10. Model Comparisons Flashcards
What is used to test if multiple variables are significant/add to the model? (Name only)
F-Test for overall model significance
Incremental F-Test for overall model significance
How does an F-Test work?
Contains F-ratio (the ratio of explained variance to unexplained variance)
F-ratio is is found through the mean sum of squares
F-ratio is then evaluated against an F-distribution with df model, df residual and pre-defined alpha
How do we know through the F-test if our model is significant or not?
Bigger the F-ratio = Better model as model variance is larger than the residual variance
F-ratio = Closest to 1 if null hypothesis is true
F > 1 = Increased model variance
What is an incremental F-test?
The incremental F-test evaluates the statistical significance of the improvement in variance explained in an outcome with the addition of further predictor(s)
How does the incremental F-test work?
Based on the difference in F-values between models
A null or empty model is a linear model with only the intercept, predicted value of the outcome is the mean of the outcome (“the least wrong estimate”), beta = 0
For every predictor added, DF increases
How do you interpret an incremental F-test from anova?
Compare the p-value for the F-test to your significance level. If the p-value is less than the significance level, your sample data provide sufficient evidence to conclude that your regression model fits the data better than the model with no independent variables.
What is a nested model?
Predictors in one model are a subset in another
What is a non-nested model?
Unique variables in both models
What can you use to compare models if they are based on the same data set and are nested?
Incremental F-Test
AIC
BIC
What can you use to compare models if they are based on the same data set and are non-nested?
AIC
BIC
Can we compare models that are not from the same data set?
No
What are parsimony corrections?
Penalises models for being complex = Helps avoid overfitting (adding predictors arbitrarily to make it fit)
What are AIC and BIC parsimony corrections?

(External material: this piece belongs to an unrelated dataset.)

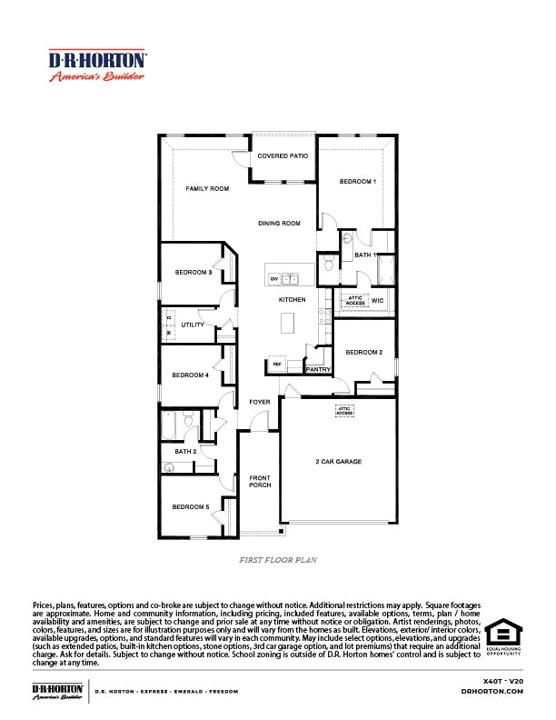 1136 Sugar Pine Drive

BIC have a harsher penalty than AIC for typical sample sizes
Severe parsimony penalty lm(n) > 2
BIC = Difference of 10 shows that one model is better than another
No cut offs for AIC in establishing substantial difference
What are AIC and BIC parsimony corrections?
BIC have a harsher penalty than AIC for typical sample sizes
Severe parsimony penalty lm(n) > 2
BIC = Difference of 10 shows that one model is better than another
No cut offs for AIC in establishing substantial difference